# Tivo with 40GB Drive and Network card



## Gavin (Jan 1, 2003)

Title says it all, VM installed the new one yesterday so this is completely redundant and has been in the loft too long.


Comes with original 40GB drive, and network card, I don't remember if the network card drivers are installed as I had a bigger disk in it that I know was networked, and I then re-used it elsewhere (remember when 240GB were big), but that's an easy job to do.

Located in Harlow Essex, Free to a collector postage I guess My Hermes at cost.

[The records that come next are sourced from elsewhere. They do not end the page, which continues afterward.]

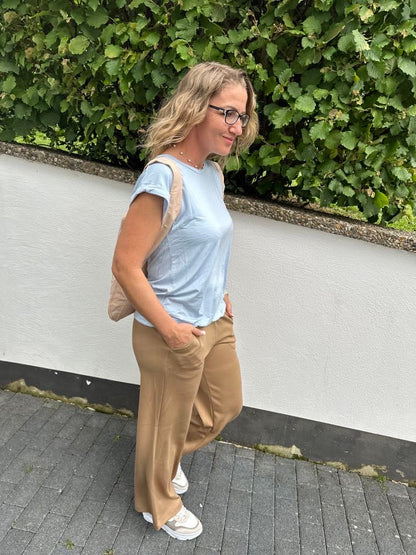 Damen Bluse Runder Ausschnitt Lyoceller Kurze Ärmel-4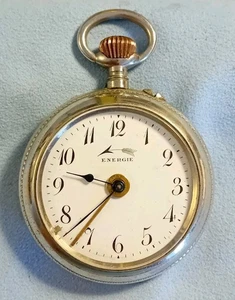 Vintage Energie Alarm Pocket Watch. Swiss Made. Solid Nickel. Working Order. - Picture 1 of 17
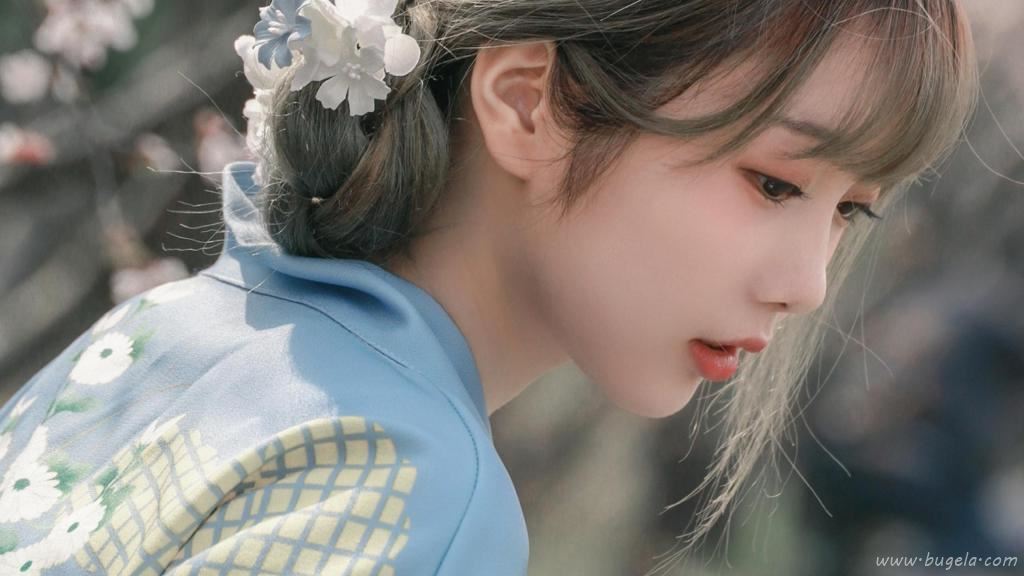 春天樱花季和服美女图片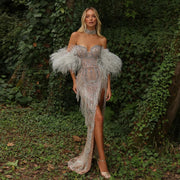 Luxury Tassel Feather Silver Nude Evening Dress SS187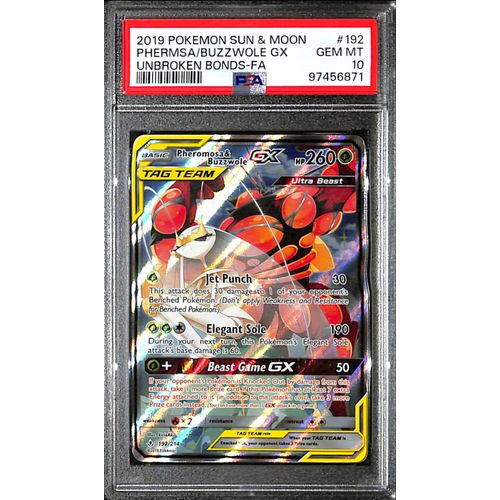 PSA10 - 2019 Pokemon - Phermsa/Buzzwole Gx 192/214 - Unbroken Bonds - TCGroupAU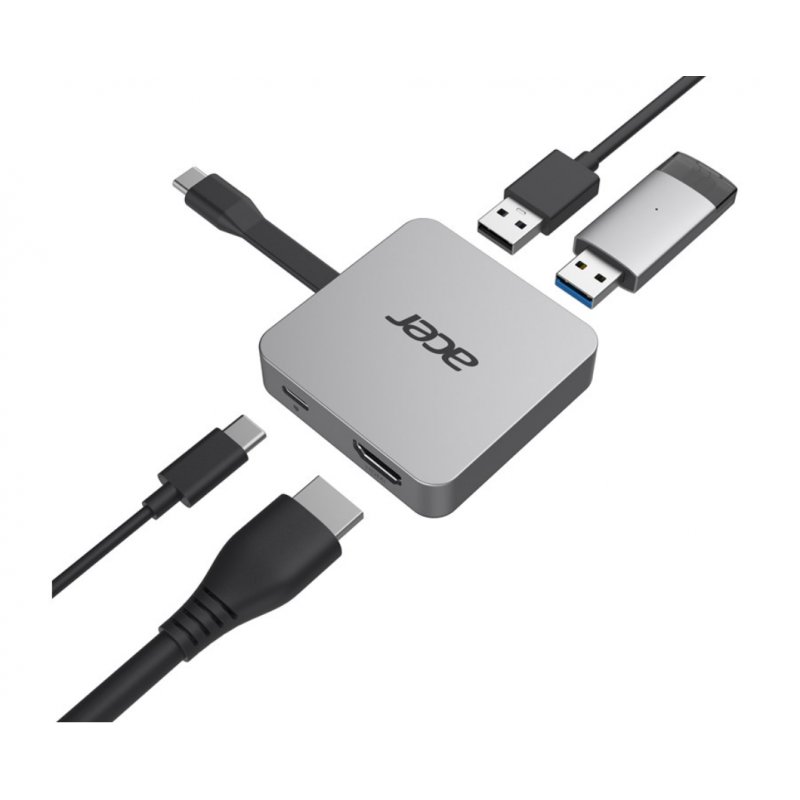 Acer 4 in1 Type C dongle: 1 x HDMI 2 x USB3.2 1 x USB C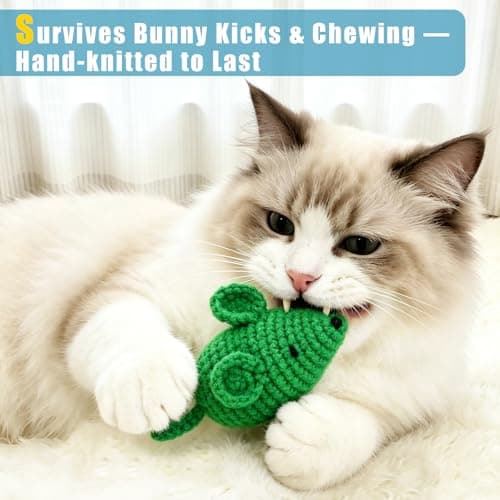 Retro Shaw Catnip Toys Crochet Mouse 6 Pcs - 100% Natural Catnip & Silvervine Blend Yarn Cat Nip Mice, Durable Hand-Knitted Teething Chew Toy for Indoor Cats & Kittens, Interactive Play & Dental Care - Thumbnail 2
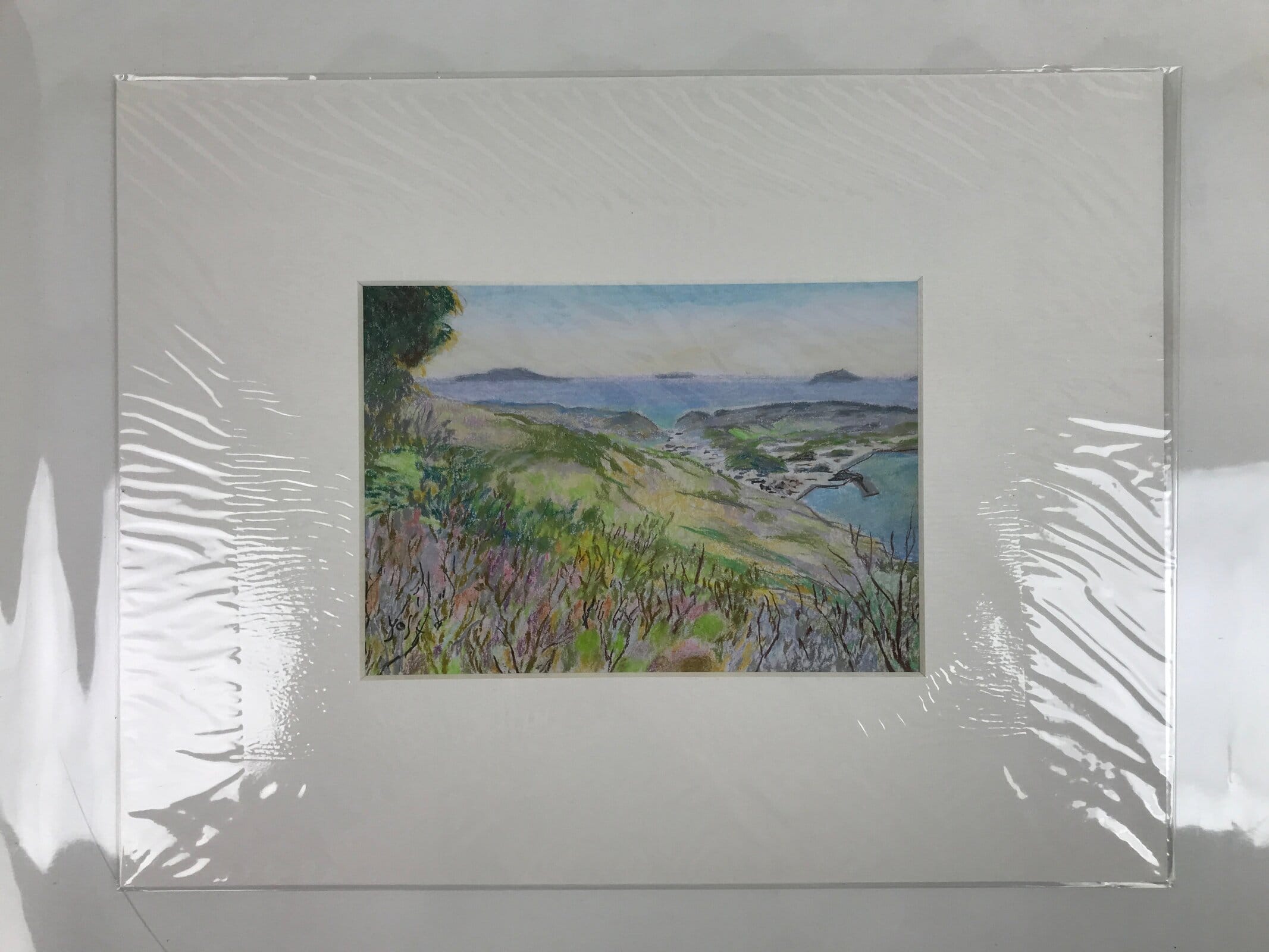 Japanese Mountain Overlook Pastel Drawing Art Signed Yoshihiro Hagino FL311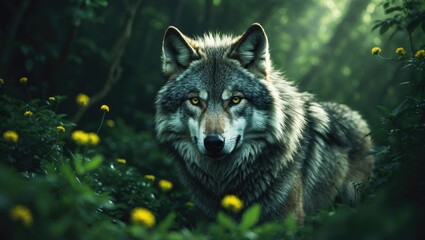 Portrait of an adorable Wolfdog in the garden.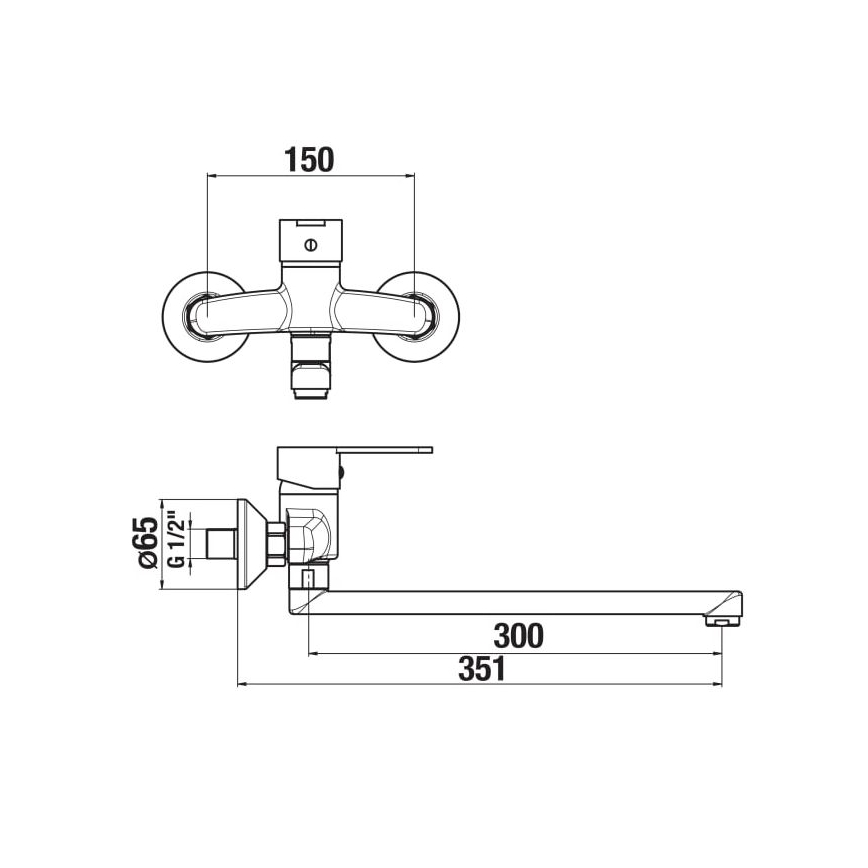 JIKA H3111Z70042401 - Valamu kraan LYRA 15x35,1 cm läikiv kroom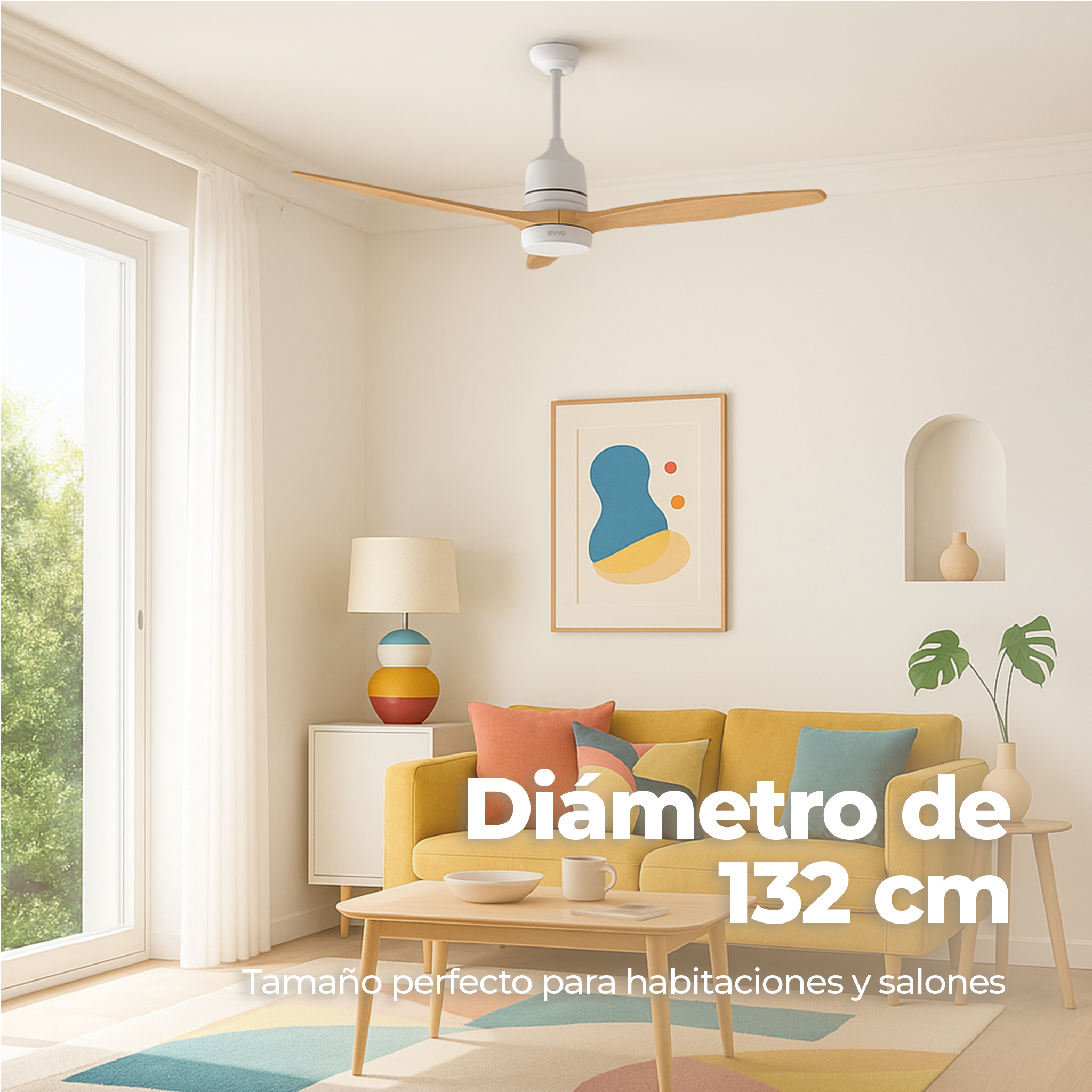 Ventilador de techo EVVO V540 Wood Reacondicionado Clase A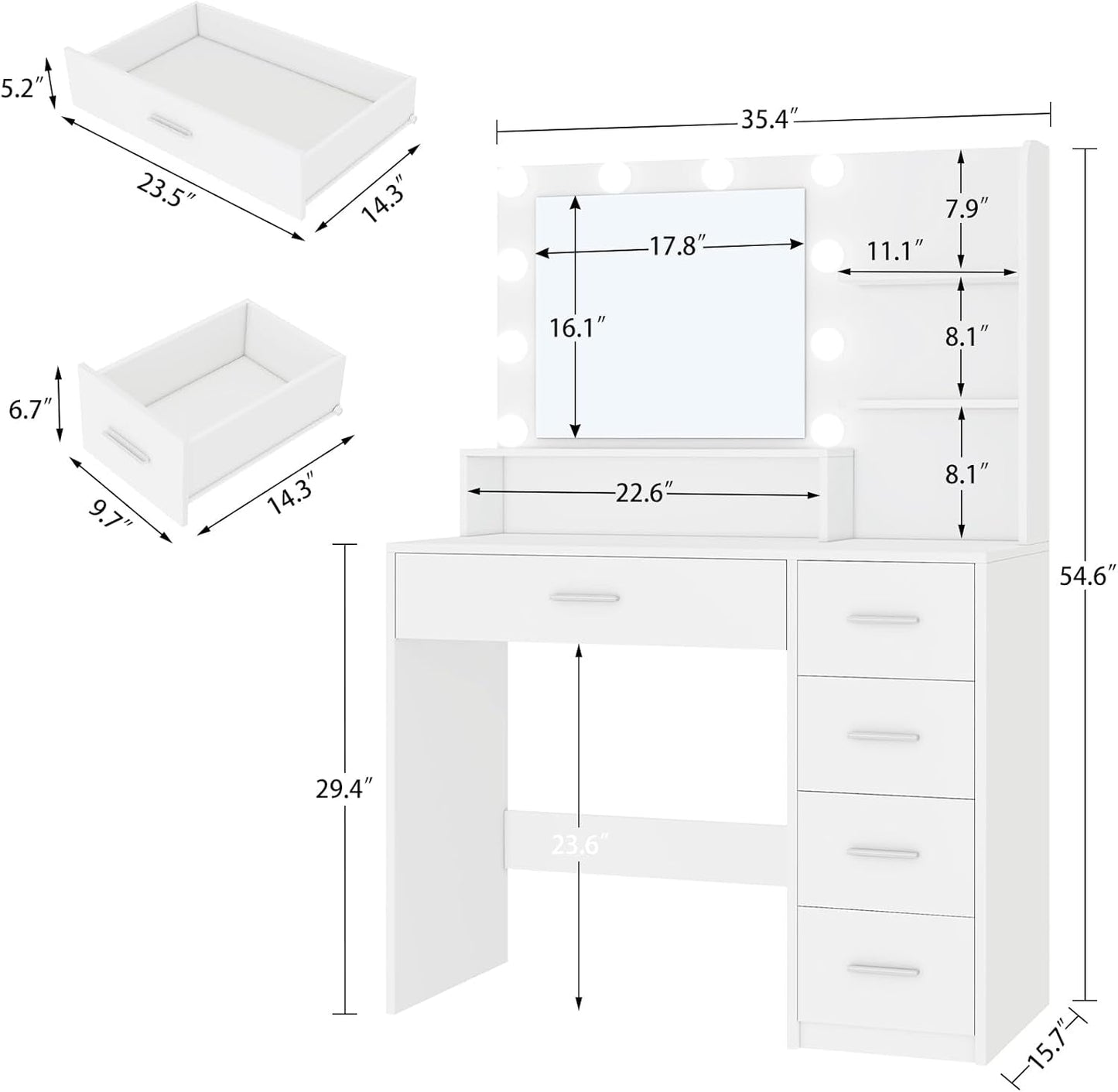 White Mirrored Vanity Desk With Illuminated Lights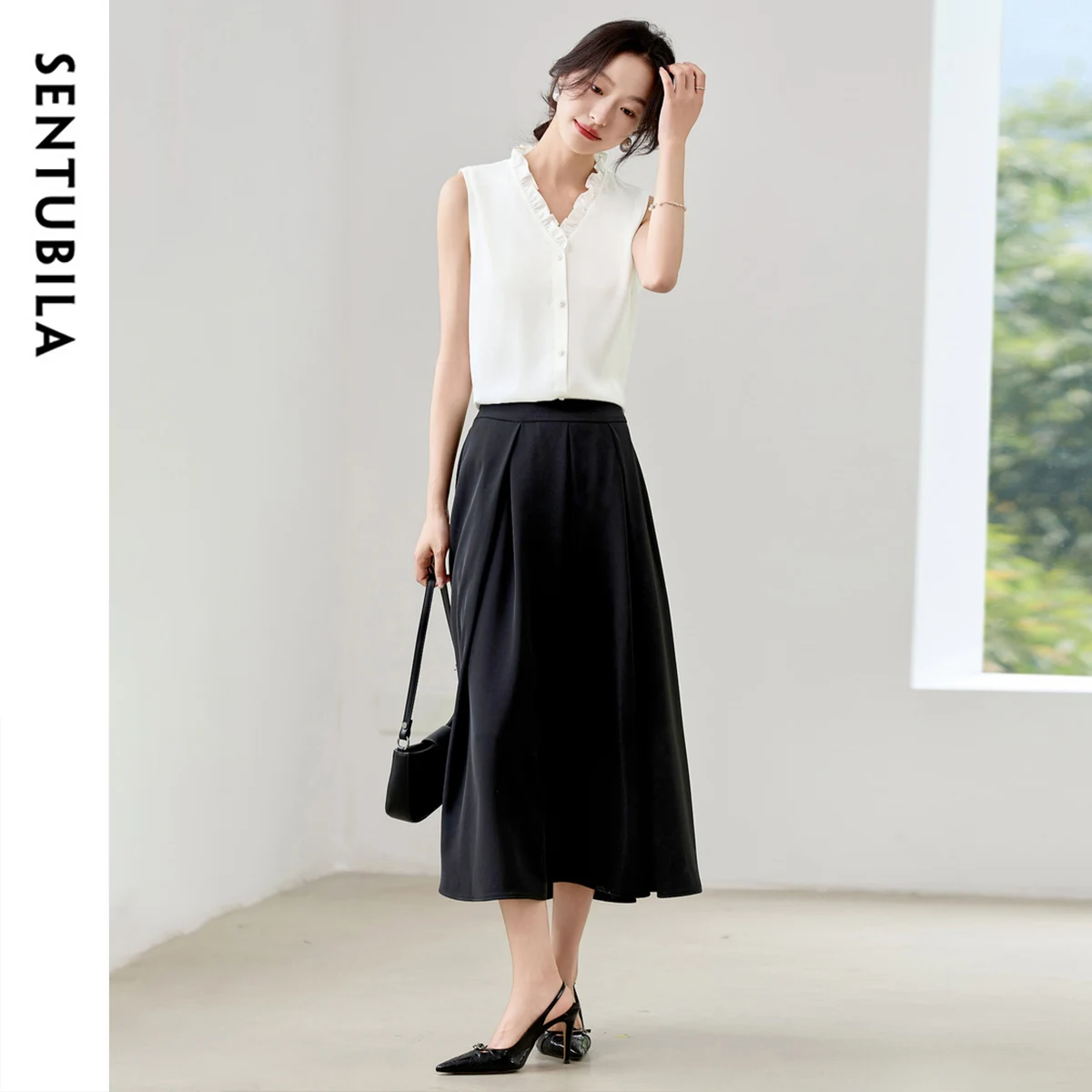 

SENTUBILA Summer Sleeveless Women Shirt 2025 Straight Ruffles V Neck Single Breasted Simple Basic Chiffon Solid Blouse 152CC1703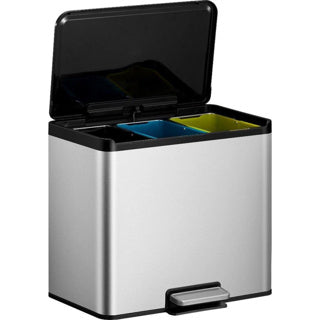 Eko essential recycling pedaalemmer 3 x 9 liter mat rvs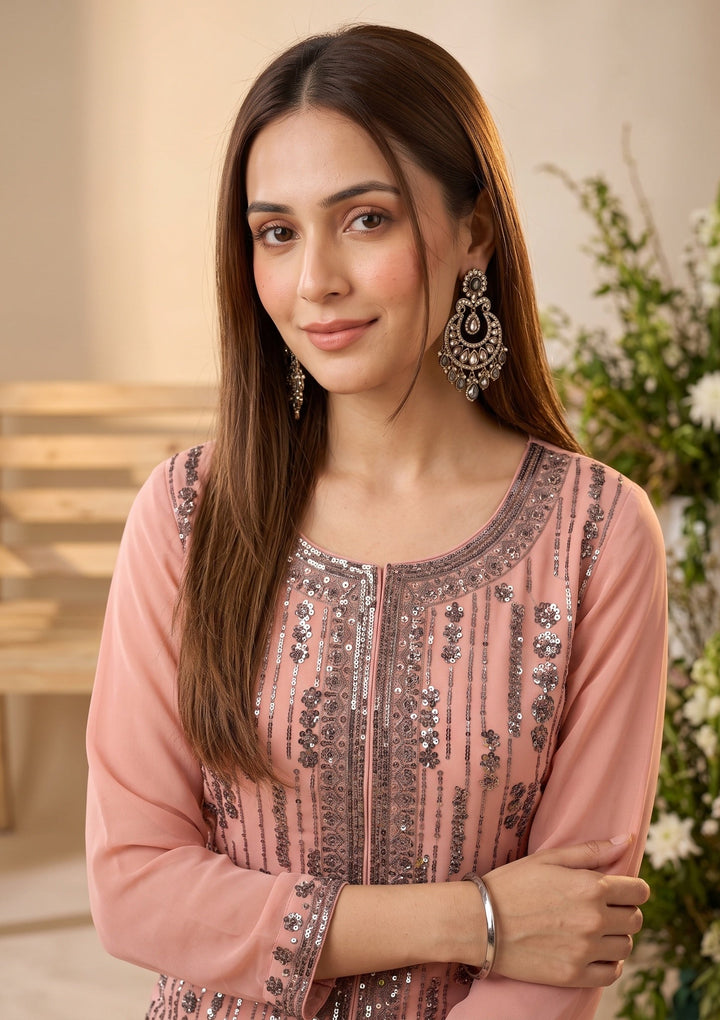 Peach Cutdana Georgette Readymade Salwar Suit
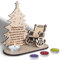 Gedenk-Weihnachtsschmuck, im Himmel, Stuhl, Grabschmuck, Trauergeschenk mit 4 Kerzen, Gedenkkerze, Ornament, Holzkarten, um sich an geliebte Menschen zu erinnern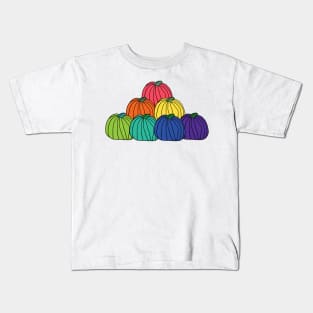 Rainbow Colored Pumpkin Pile Kids T-Shirt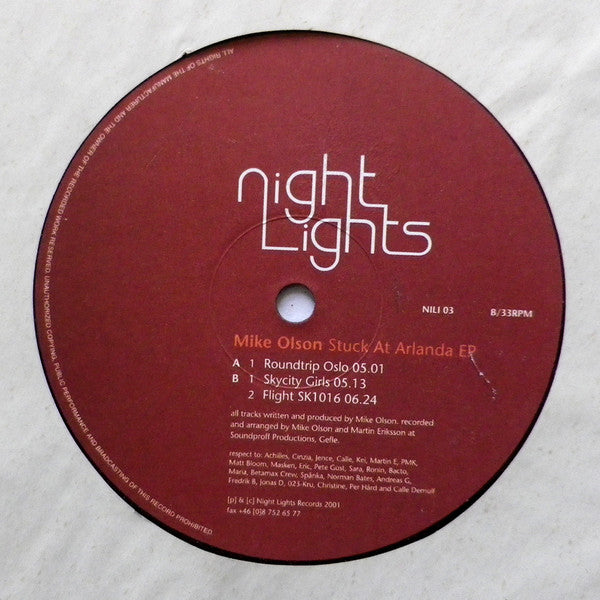 Mike Olson – Stuck At Arlanda EP (12", Night Lights Records, 2001) Back Cover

Comes boxed with manuals, remote and blaster leads, only think it may not have is the figure 8 powerlead as like the hard disk it got used elsewhere. (probably the DVD player..)


----------



## abarthman (Nov 12, 2002)

Is this TiVo still available, Gavin?

I would be happy to give it a good home.


----------



## Gavin (Jan 1, 2003)

abarthman said:


> Is this TiVo still available, Gavin?
> 
> I would be happy to give it a good home.


Certainly

Where are you?


----------



## Gavin (Jan 1, 2003)

I'm away on holidya for a week after toomorow, the tivos still available but I won;t be answering any email till at least the 6th of Oct..


----------



## abarthman (Nov 12, 2002)

Sorry for the late reply, Gavin.

I'll contact you via PM.


----------



## Gavin (Jan 1, 2003)

Now sent to a new home....


----------